Lethbridge Minute: Encampment Strategy, Community Survey, and Street Machine Weekend
Lethbridge Minute - Your weekly one-minute summary of Lethbridge politics
This Week In Lethbridge:
It’s a slow week at City Hall with no Council or committee meetings scheduled. Summer must officially be here!
Several events kick off this week. The fun begins on Wednesday with the Discover Downtown Lethbridge Festival. Formerly known as the Taste of Downtown, this event offers sample menu items at restaurants and cafés around the city as well as tours of the businesses and an opportunity to learn about the history of downtown historic buildings. Over 20 businesses have signed up to take part and proceeds go towards renovations at the Galt Museum. Then on Thursday, residents can enjoy live music during Upside Downtown, a weekly concert series in Rotary Square at Casa.
- The City is looking for feedback from residents on its Waste and Recycling Cart Relocation Project. The project began in 2017 and about 3,800 households are now getting their waste carts collected from the front of their residence rather than rear lanes. The City says changing the location of collection services resulted in cost savings, as well as reduced financial liability for things like snow and ice control and premature lane degradation. The survey is available until August 1st.
Last Week In Lethbridge:
- City Council voted unanimously to direct City Administration to investigate strategies on how to deal with the recent increase in encampments and how to best advocate for long-term solutions. There were 135 encampments in Lethbridge in 2021, a more than 50% increase over the previous year. Currently, there are encampments along the edge of Civic Centre Park and outside of Lethbridge Shelter and Resource Centre.

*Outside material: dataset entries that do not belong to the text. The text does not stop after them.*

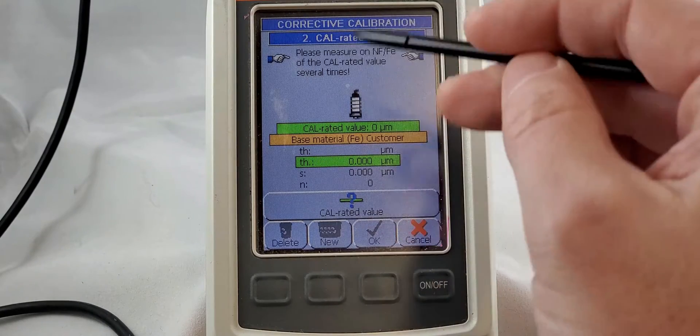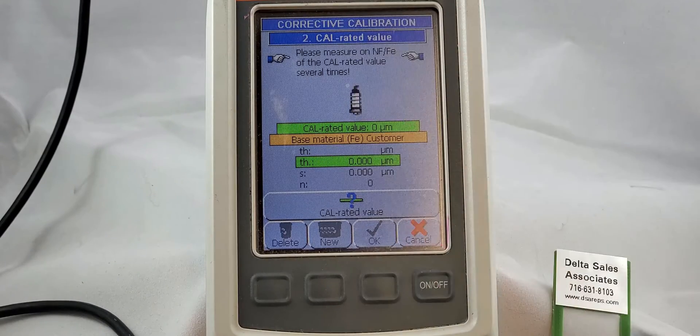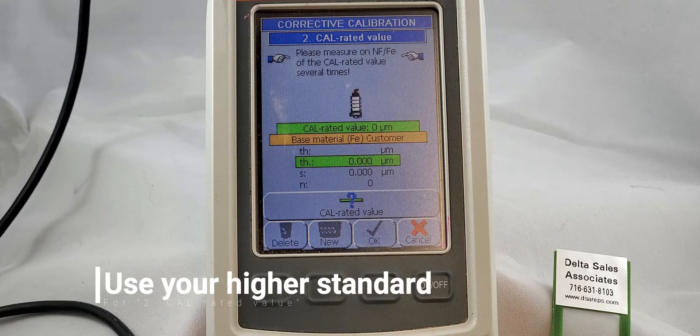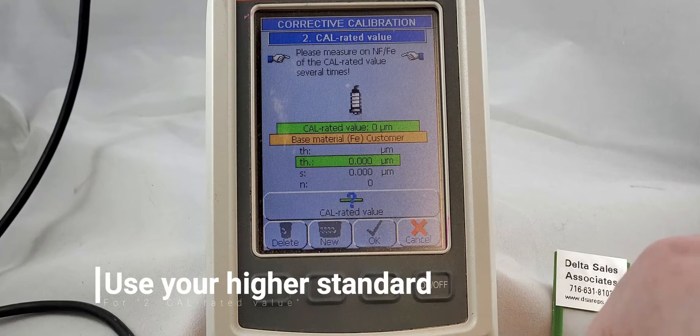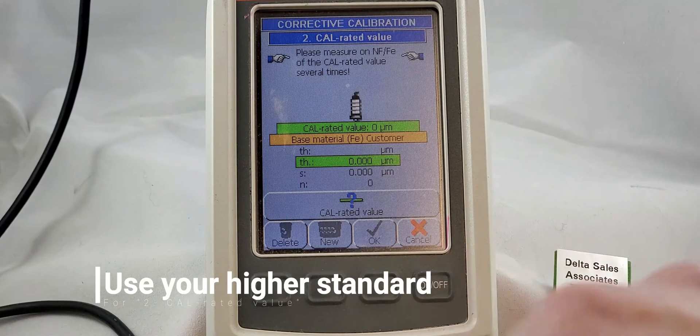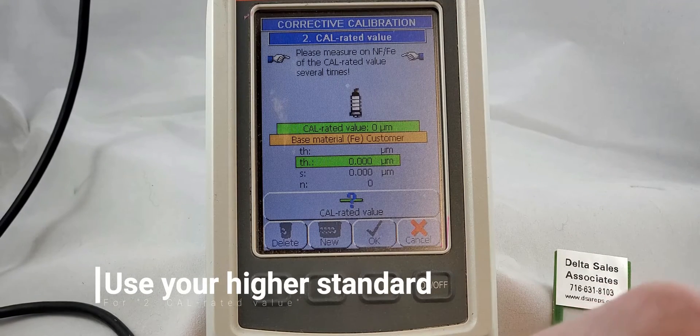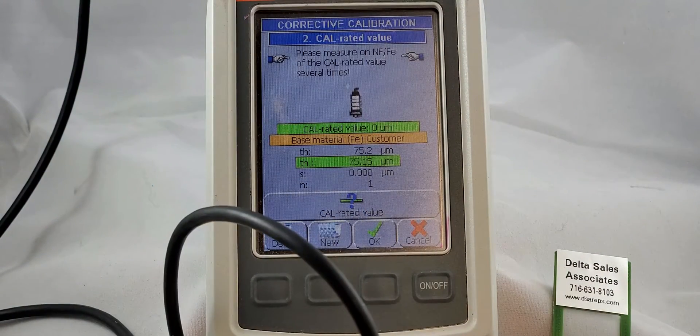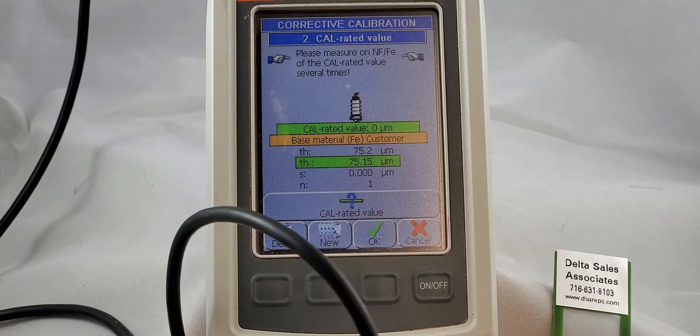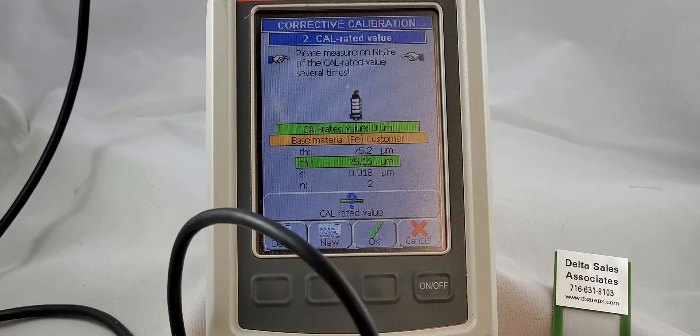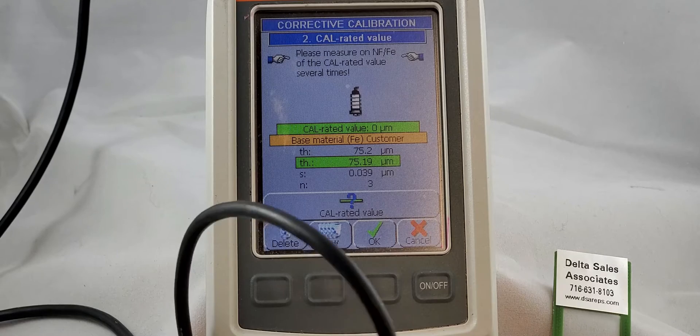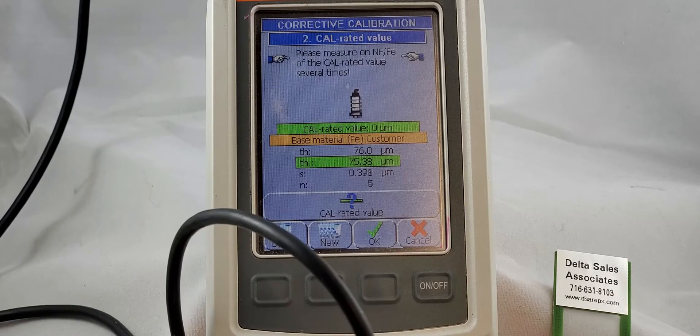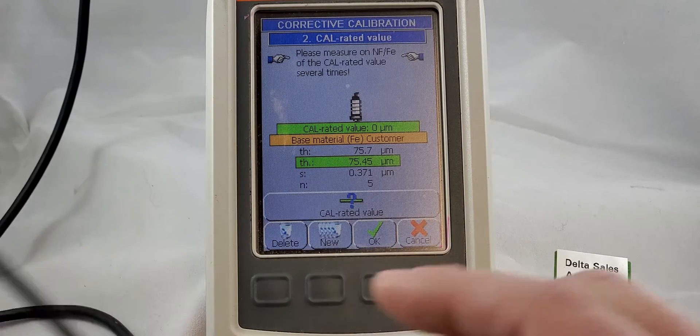And now it's going to ask for our second cal rated value. That is going to be our high standard. Again, five measurements. One, two, three, four, five.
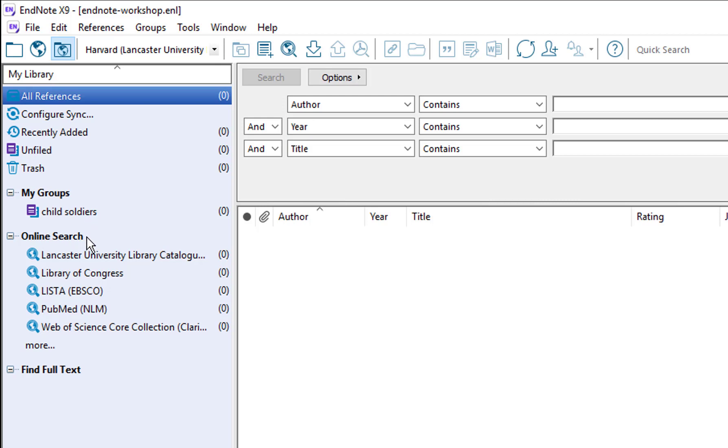Further down on this panel you can see online searches and these permit us to search bibliographic databases and library catalogues. And finally there's a full text option which again we'll cover in another video.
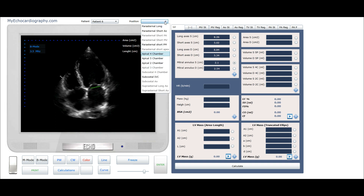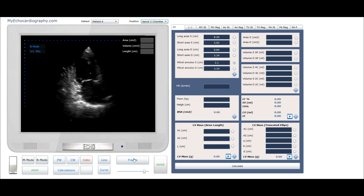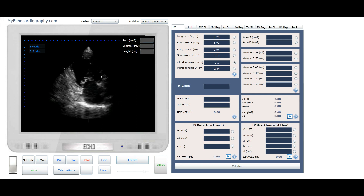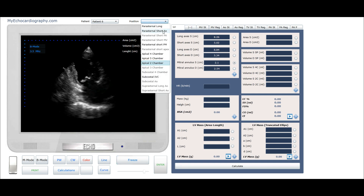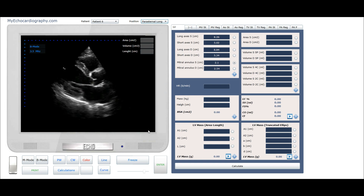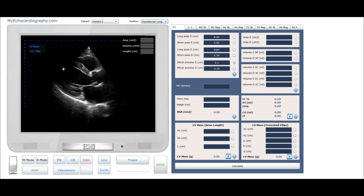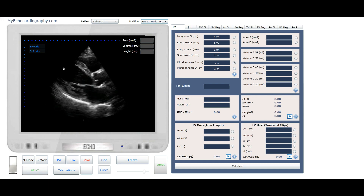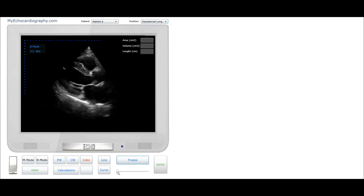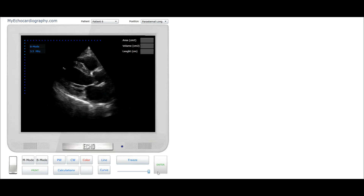The same measurements can be performed from the Apical 2 Chamber View and from the Parasternal Long Axis View. However, from the Parasternal Long Axis View we cannot see the apex, so measurement of the long axis of the left ventricle is not possible. From this view we can measure systolic and diastolic thickness of the interventricular septum as well.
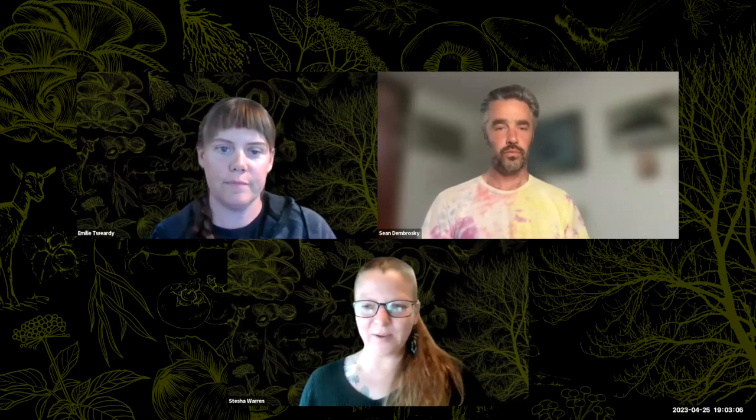Welcome, everyone. My name is Emily. I'm an agroforester with Appalachian Sustainable Development. Stesha Warren is also here — hello, everyone. I'm an agroforester with Appalachian Sustainable Development, working the tech side here.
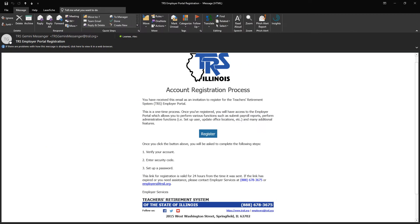Users currently on file as system administrators for their employer within the current TRS Employer Web Access system will be automatically sent an email invitation to register as the first user for their employer of the Gemini Employer Portal. All future users can be added by this system administrator and will receive a similar email.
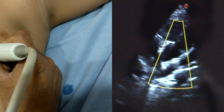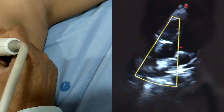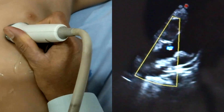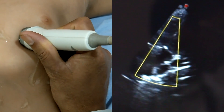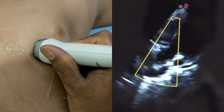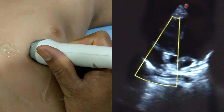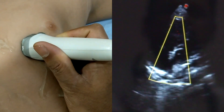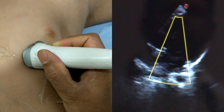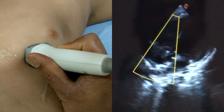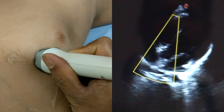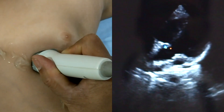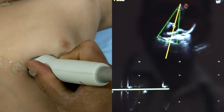This view is the apical five chambers view. Here we can clearly see the aortic valve and ventricular septum. Perimembranous VSD or muscular VSD — all types of ventricular septal defect — can be assessed from this view. By color flow, we can see whether there is any cross-flow between the septum and right ventricle.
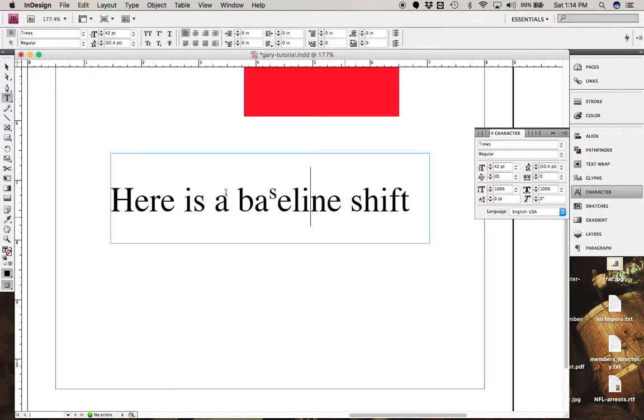Anyway, let me know if that kind of helps you get the control you're after. Here you go.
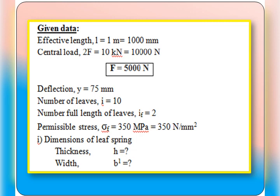We are asked to find the width and thickness, that is the dimensions of the leaf spring. Thickness is denoted by H and width is denoted by B dash — both are unknown.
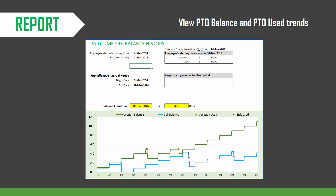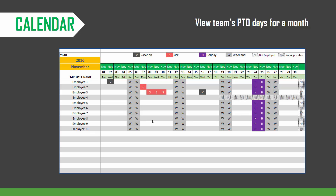The report also contains a balance trend chart which shows how the balance for that specific employee has changed over time. The calendar presents a monthly view of the employee's availability and PTO days for that specific month. We can see the vacation or sick days taken by the employee, and the holidays and weekends are highlighted as well. This view will be helpful for resource capacity planning on a monthly basis.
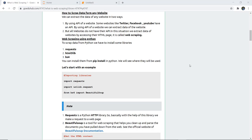In this video we are going to see how we can scrape data from any website. We are using our own website, www.goeduhub.com. There are two ways to extract data: by using the API of a website — some websites like Twitter, Facebook, and YouTube have an API — but not all websites have their own API.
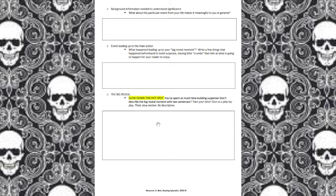Next up we have 'events leading up to the main action,' also referred to as rising action. Here you'll describe what happens leading up to the big event, leaving little crumbs that hint at what's going to happen. The next box is the most important box of the entire skeleton: the big reveal. Here you're finally giving the details of the secret you've been keeping. This is the hot spot — we want to slow down the pacing at the big reveal. You've spent so much time building suspense, so don't just give the reader two sentences. Think like Jackie Chan karate — slow motion — slow it down and be descriptive.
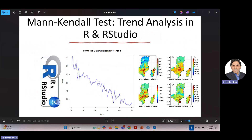Hello everyone. In this video I would like to explain the Mann-Kendall test — a trend analysis — in R Studio. I have done a video before this that covered the theoretical background: what this test is, who developed it, how it works, the test statistic, the normalized test statistic, the assumptions, and the applications of this test.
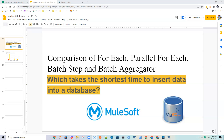Hello everyone. In this video tutorial we are going to compare the time taken by for-each, parallel for-each, batch step, and batch aggregator to insert data into a MySQL database, so we will see which one takes the shortest time.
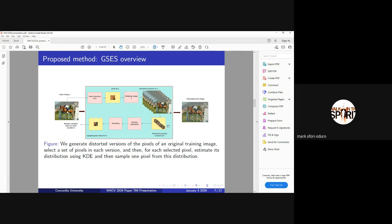After that, we estimate this distribution estimation for that pixel location here, and we select a sample from this estimation and replace the value here. We do it for several pixels. These are controlled pixels and the positions are random.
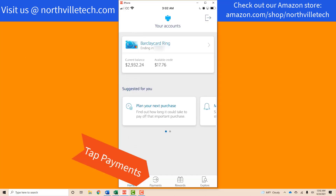Once the app is open, you will see four icons at the bottom. Tap on the Payments icon at the bottom.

- Thousands descended upon Lethbridge for the 44th annual Street Machine Weekend which featured some of the slickest rides in the city - and the country. The event was hosted by the Street Wheelers Car Club and attracted car enthusiasts from far and wide. The event has become a staple for the city and southern Alberta.
- The City released the results of its 2022 Community Survey. The data doesn't paint the rosiest of pictures, indicating that one-third of residents feel their quality of life has worsened. Residents cited crime, the economy, and COVID-19 as reasons for the decline. The survey also showed that Lethbridgians are concerned about social issues such as homelessness, affordable housing, poverty, transportation, and drugs/injection sites. Do you agree with these findings?